◆ EXERCISE INSTRUCTIONS
In the data below, set down exactly the lines from the one containing "Love Heart Cat" up to and including the one containing "Foto 2 - Casa de 4 quartos em Rømø com sauna". Leave the pictures out.

◆ AVAILABLE DATA
★ ★ ★

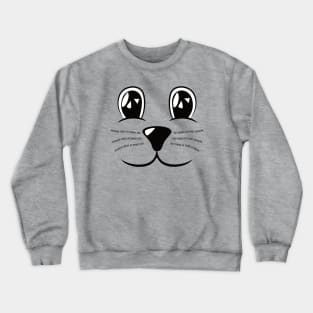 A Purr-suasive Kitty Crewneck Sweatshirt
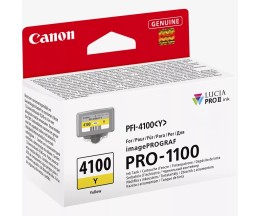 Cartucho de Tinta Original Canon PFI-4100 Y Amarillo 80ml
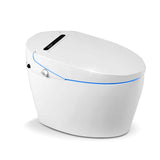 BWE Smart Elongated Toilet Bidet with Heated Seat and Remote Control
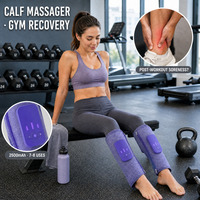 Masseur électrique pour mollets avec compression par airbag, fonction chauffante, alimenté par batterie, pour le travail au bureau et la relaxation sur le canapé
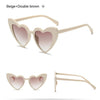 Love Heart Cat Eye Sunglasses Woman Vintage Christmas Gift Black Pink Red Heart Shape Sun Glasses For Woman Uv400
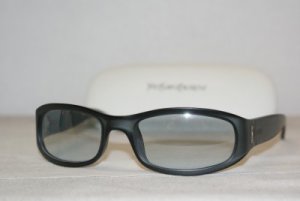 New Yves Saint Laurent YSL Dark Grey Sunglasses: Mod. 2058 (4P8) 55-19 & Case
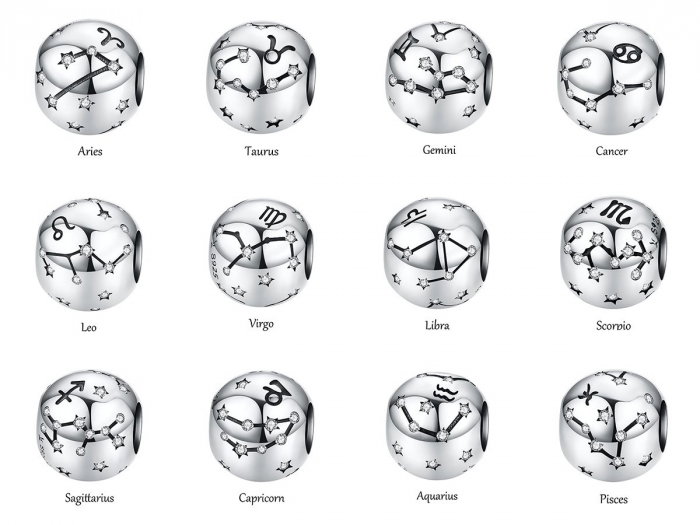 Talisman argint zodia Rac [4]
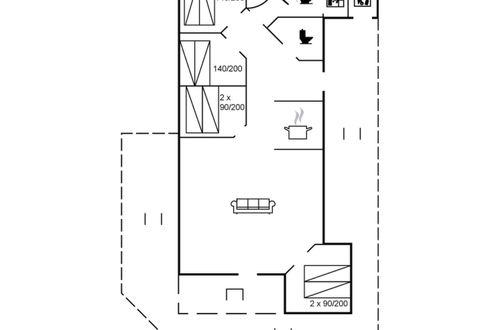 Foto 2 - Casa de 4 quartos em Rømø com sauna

★ ★ ★

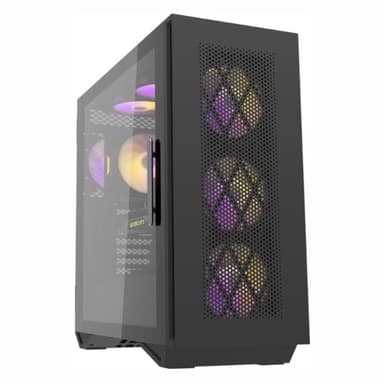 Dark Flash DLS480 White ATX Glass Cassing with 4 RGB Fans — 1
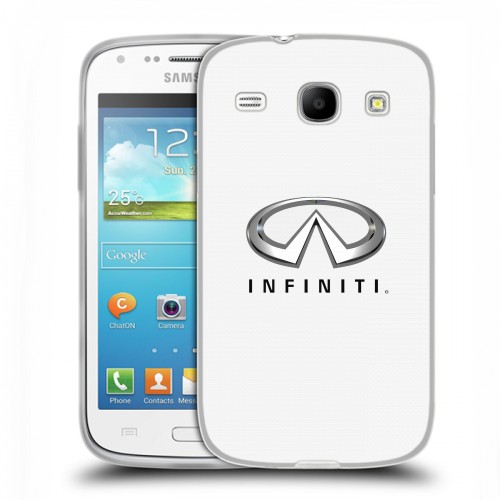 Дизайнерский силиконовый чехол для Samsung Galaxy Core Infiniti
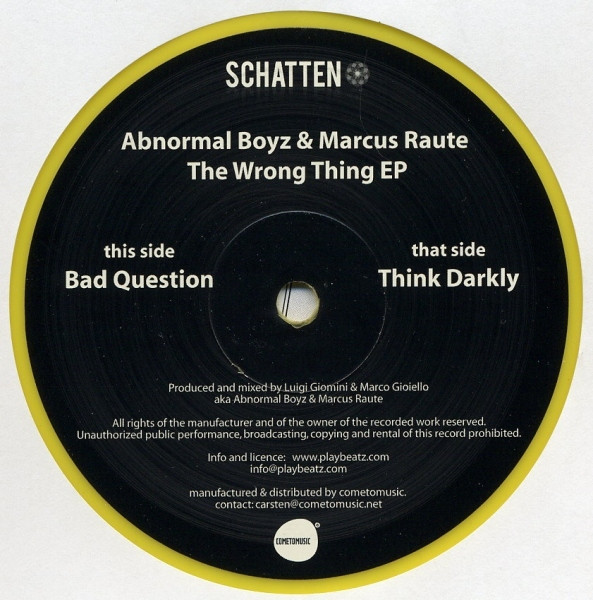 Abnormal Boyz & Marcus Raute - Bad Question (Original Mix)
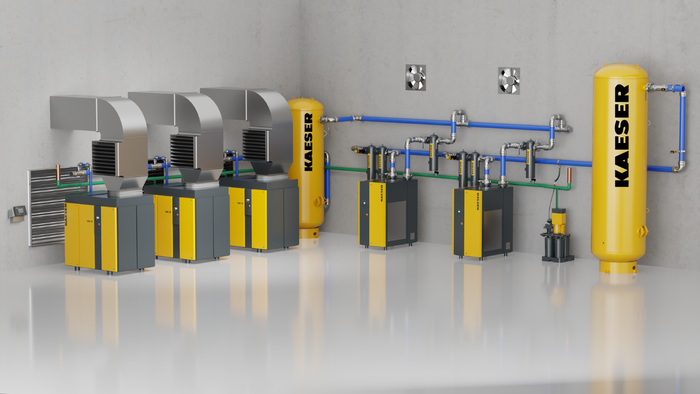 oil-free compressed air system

★ ★ ★

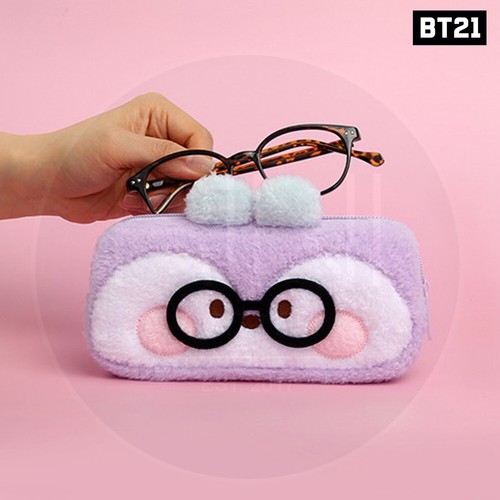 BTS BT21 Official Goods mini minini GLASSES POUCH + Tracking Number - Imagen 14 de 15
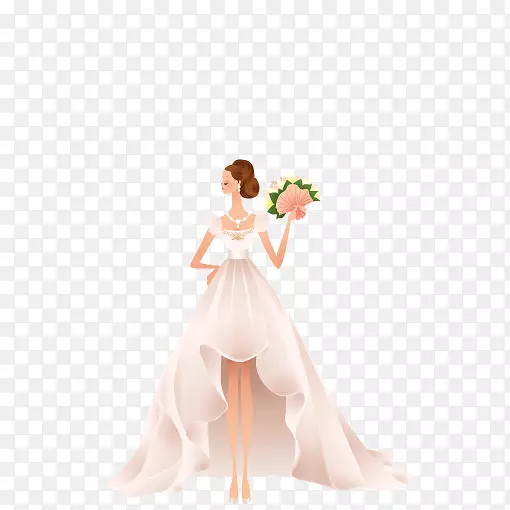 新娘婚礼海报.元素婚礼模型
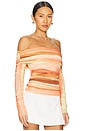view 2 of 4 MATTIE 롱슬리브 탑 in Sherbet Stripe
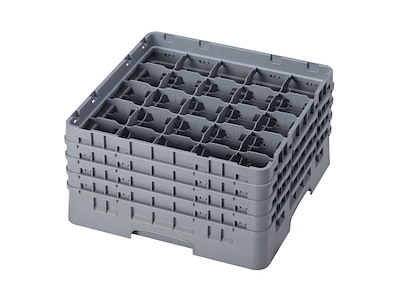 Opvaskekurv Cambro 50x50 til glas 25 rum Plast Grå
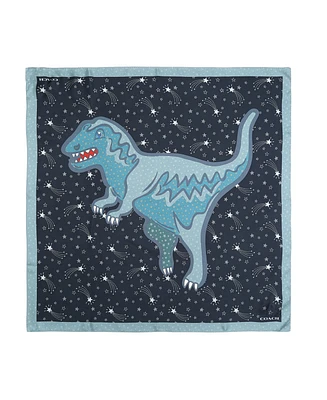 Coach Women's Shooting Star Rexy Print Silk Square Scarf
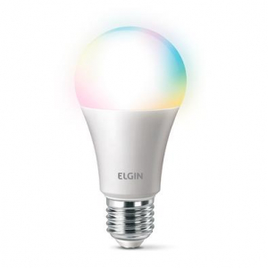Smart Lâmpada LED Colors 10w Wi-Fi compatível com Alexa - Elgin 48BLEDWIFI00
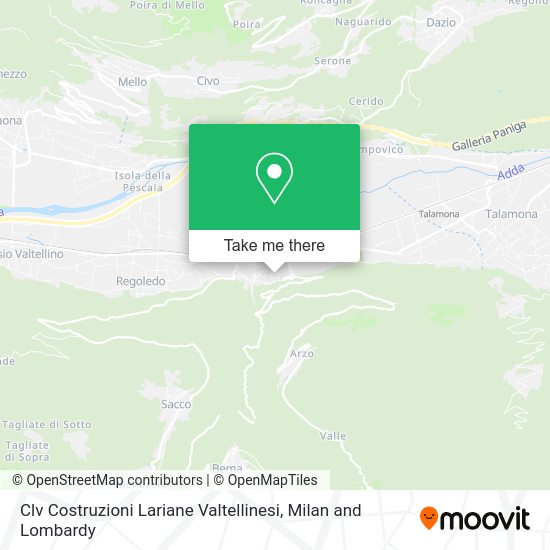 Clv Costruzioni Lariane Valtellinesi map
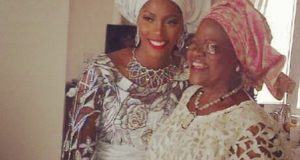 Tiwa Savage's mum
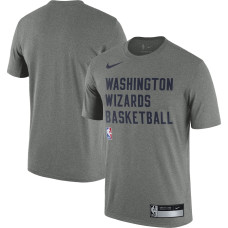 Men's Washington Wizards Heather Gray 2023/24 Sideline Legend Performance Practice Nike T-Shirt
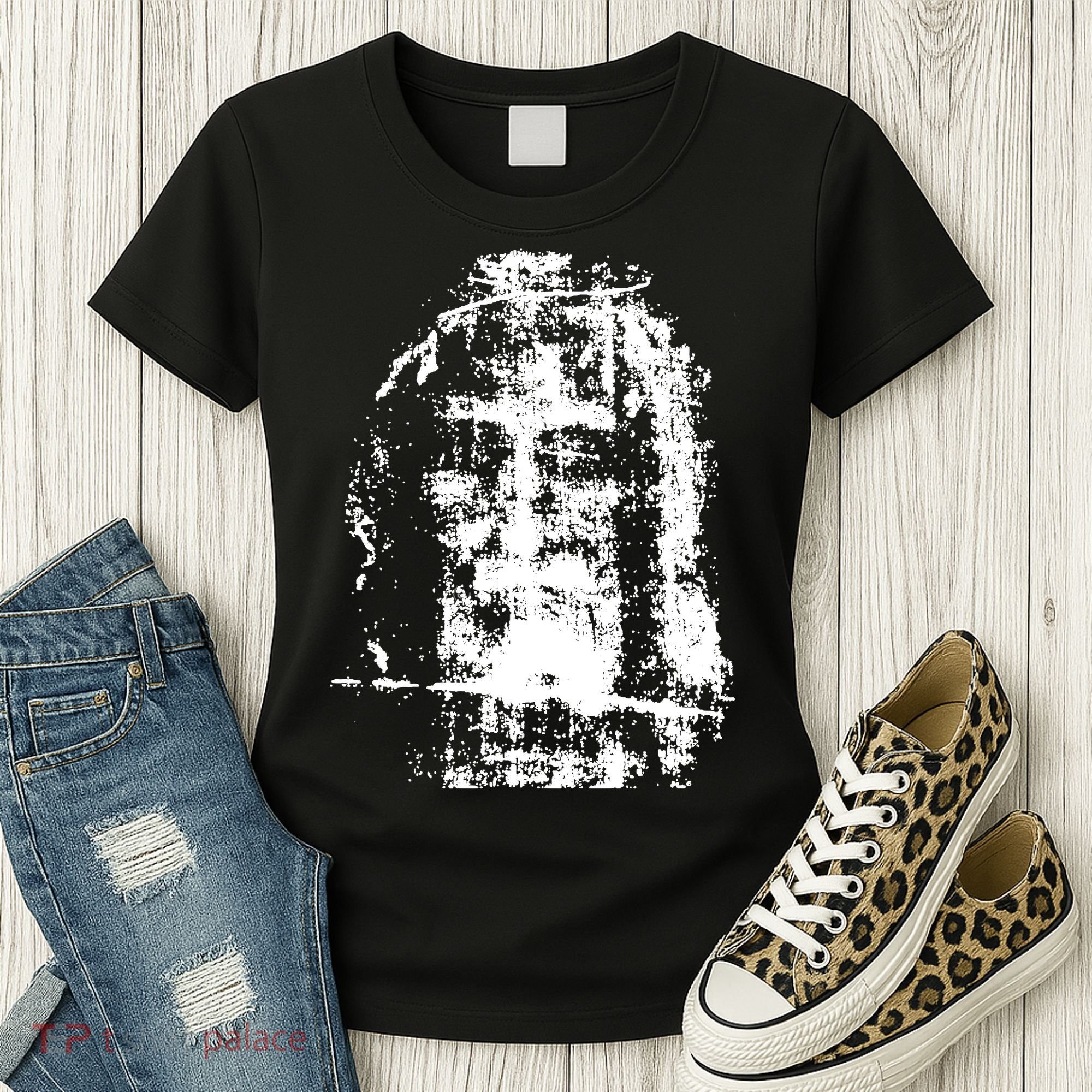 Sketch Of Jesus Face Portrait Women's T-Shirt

★ ★ ★

◆ TASK RESPONSE
 Love Heart Cat Eye Sunglasses Woman Vintage Christmas Gift Black Pink Red Heart Shape Sun Glasses For Woman Uv400
 New Yves Saint Laurent YSL Dark Grey Sunglasses: Mod. 2058 (4P8) 55-19 & Case
 Talisman argint zodia Rac [4]
 Foto 2 - Casa de 4 quartos em Rømø com sauna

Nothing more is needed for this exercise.